Appeal of Coggins

16 A. 579, 124 Pa. 10, 1889 Pa. LEXIS 1000
CourtSupreme Court of Pennsylvania
DecidedJanuary 28, 1889
StatusPublished
Cited by57 cases

This text of 16 A. 579 (Appeal of Coggins) is published on Counsel Stack Legal Research, covering Supreme Court of Pennsylvania primary law. Counsel Stack provides free access to over 12 million legal documents including statutes, case law, regulations, and constitutions.

Bluebook
Appeal of Coggins, 16 A. 579, 124 Pa. 10, 1889 Pa. LEXIS 1000 (Pa. 1889).

Opinion

Opinion, Mr. Chief Justice Paxson :

This contention is about the proper construction of the will of the late Thomas Williamson. The testator bequeathed his estate in trust for the benefit of his wife and children. The provisions for the wife are not involved in this case. To each of his children he gave an estate for life.
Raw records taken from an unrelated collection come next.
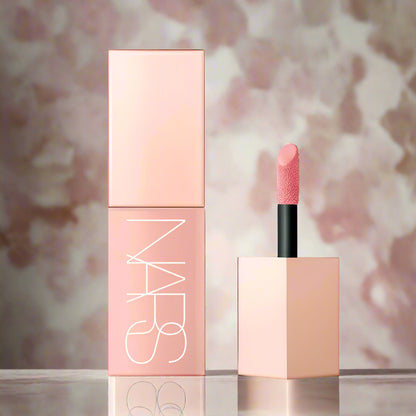 NARS- AFTERGLOW RADIANT LIQUID BLUSH - Duad (ض)
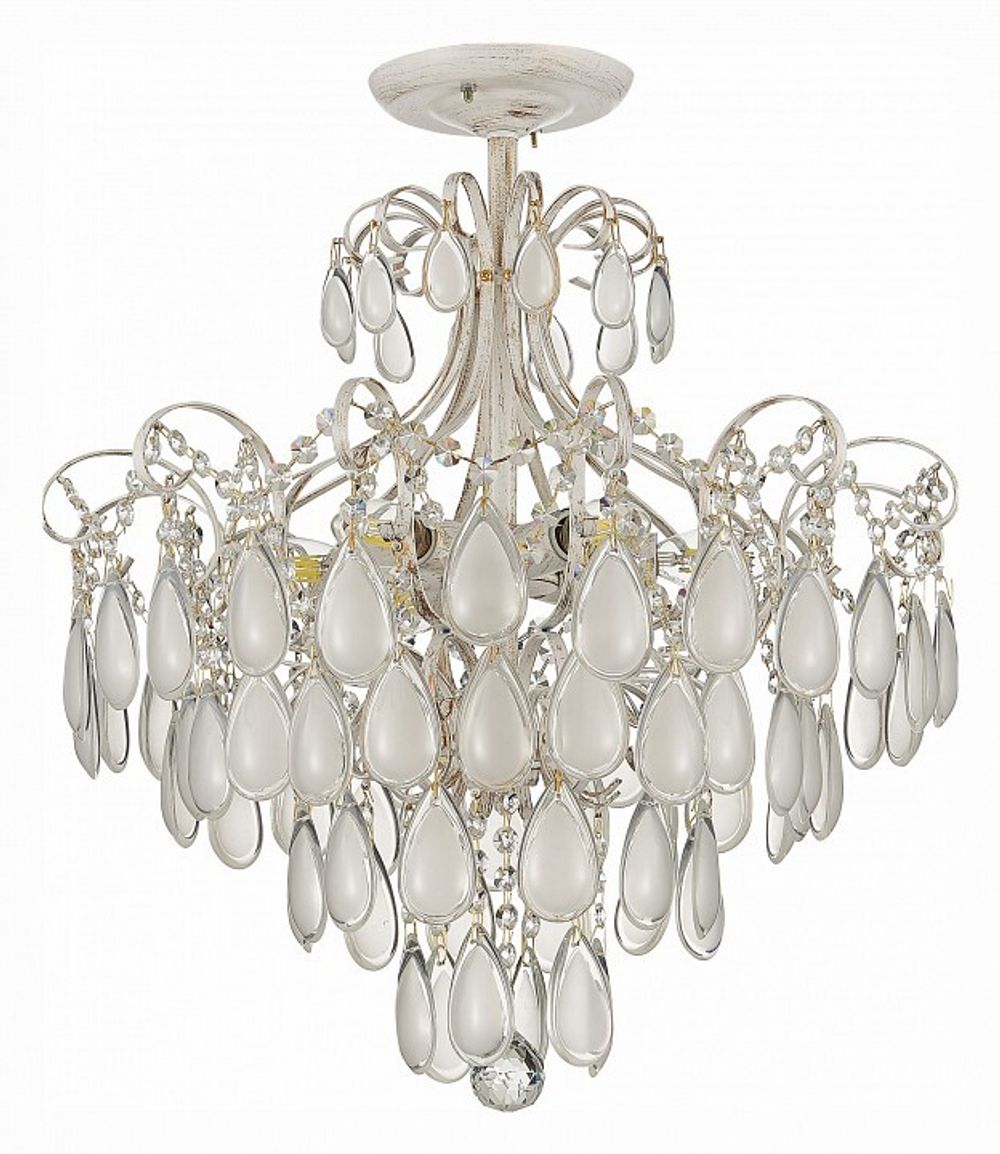 Потолочная люстра EVOLUCE Magonza SLE160302-06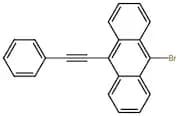 9-Bromo-10-(phenylethynyl)anthracene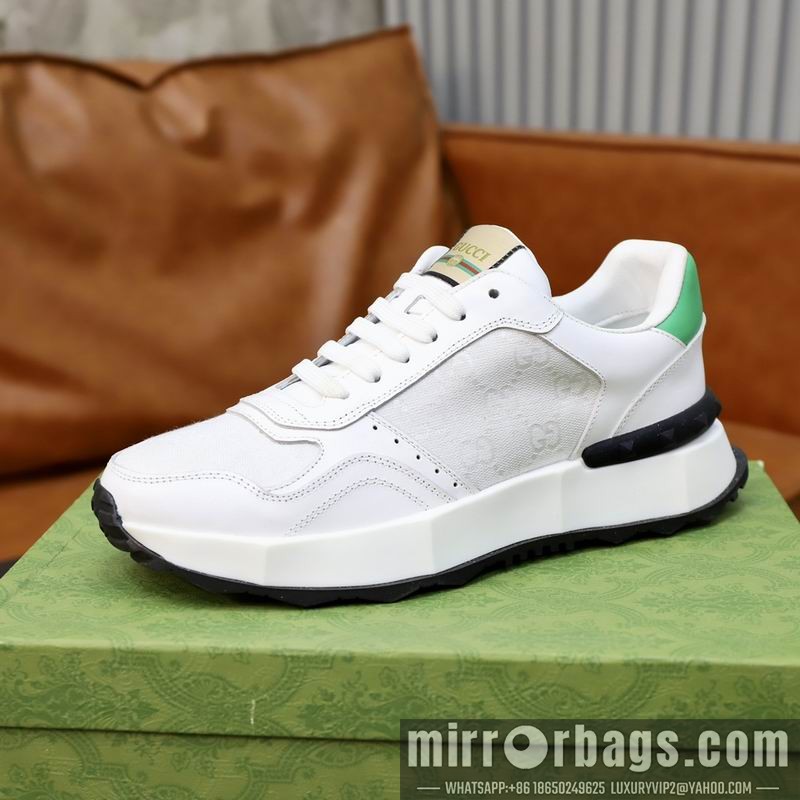 Gucci Replica Shoes sz38-44 hnm0143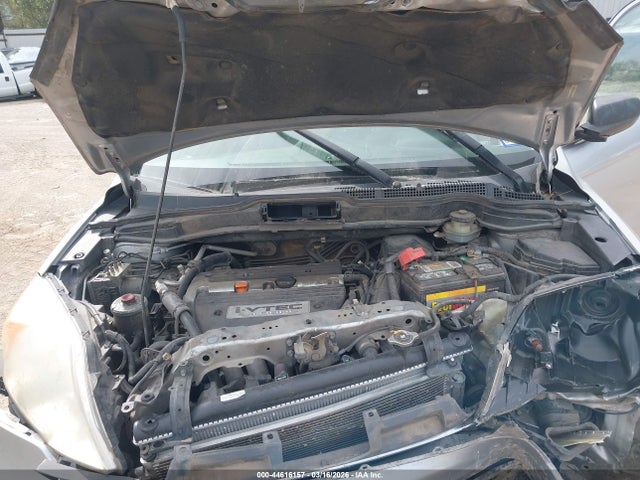 Продажа на аукционе авто 2007 Honda Cr-v Ex, vin: JHLRE38557C062676, номер лота: 44616157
The clause of his will which affects this controversy is as follows :

“ And upon and after the decease of my wife, to continue .the management as aforesaid, for the benefit of my said four children, and so distribute and pay the whole net income of my residuary estate as that each of them shall receive an equal fourth part thereof in half yearly payments from time to time [28]*28during his and her respective natural life; and upon the decease of either of my said children, and successively of each of them, then as respects one equal fourth part of the corpus or principal of my residuary estate, to and for the only proper use of his or her child, or all of his or her children, if more than one, who shall have attained, or shall attain, the age of twenty-five years, and the issue of any such who shall have died, or shall die, under that age leaving issue, in equal shares; so, however, that the issue of any such deceased child, if more than one person, shall take equally among them such share only as their parent would have taken, if living; but if either of my said children shall die without leaving a child, or issue of a child, him or her surviving, then as respects the share of any residuary estate above limited to the use of his or her child or children, I will and direct shall be held for the equal use and benefit of my other children, and their respective issue, and upon and subject to the trusts and limitations hereinbefore expressed and contained.”

By a codicil the testator directed distribution among grandchildren per capita instead of per stirpes, and that as to the children of his daughter Anna W. Stackhouse, no portion of the principal coming to them should be paid during the lifetime of their father, Amos Stackhouse.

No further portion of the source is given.